■ Work task: Write the data out again exactly, dropping any images it holds.

■ Dataset section:
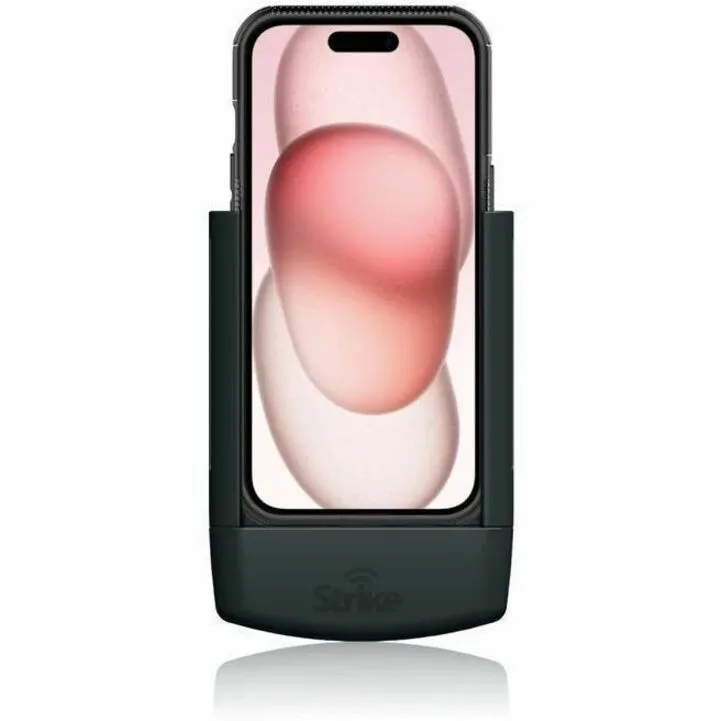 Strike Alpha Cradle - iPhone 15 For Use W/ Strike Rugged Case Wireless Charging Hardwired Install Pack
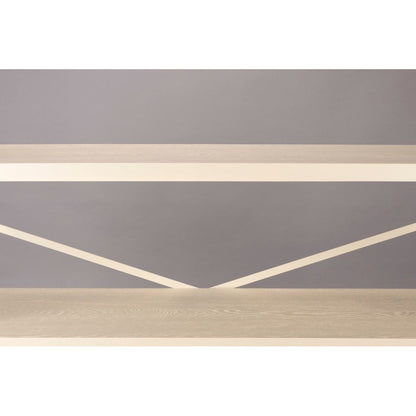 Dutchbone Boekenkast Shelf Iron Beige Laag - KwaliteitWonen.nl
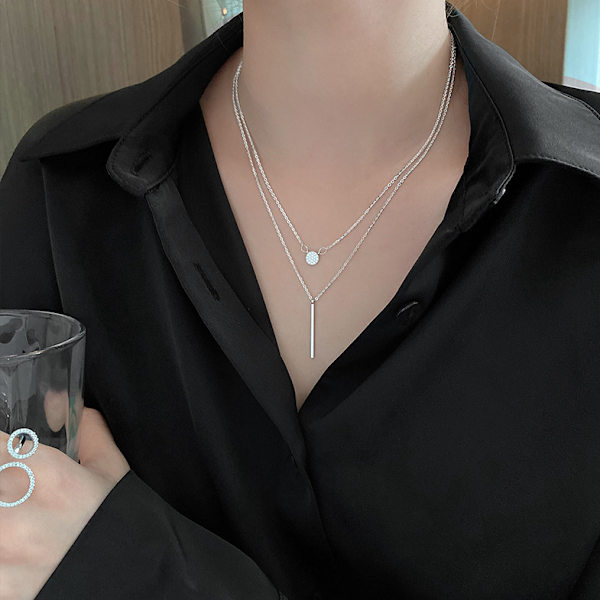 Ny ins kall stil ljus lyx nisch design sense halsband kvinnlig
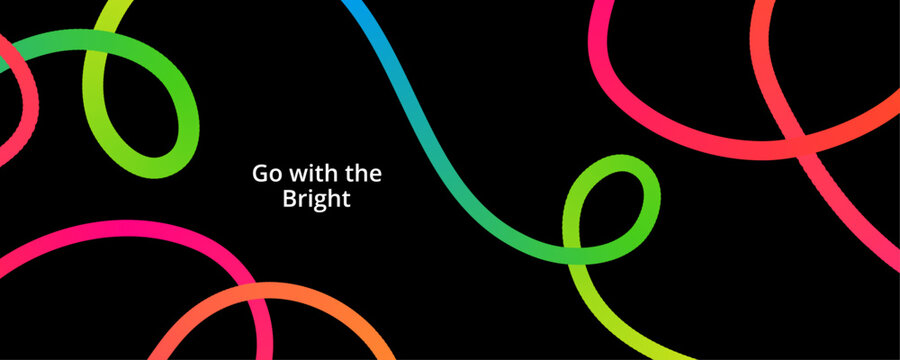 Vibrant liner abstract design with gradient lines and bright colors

■ Exercise solution:
 Strike Alpha Cradle - iPhone 15 For Use W/ Strike Rugged Case Wireless Charging Hardwired Install Pack
 Dutchbone Boekenkast Shelf Iron Beige Laag - KwaliteitWonen.nl
 Ny ins kall stil ljus lyx nisch design sense halsband kvinnlig
 Vibrant liner abstract design with gradient lines and bright colors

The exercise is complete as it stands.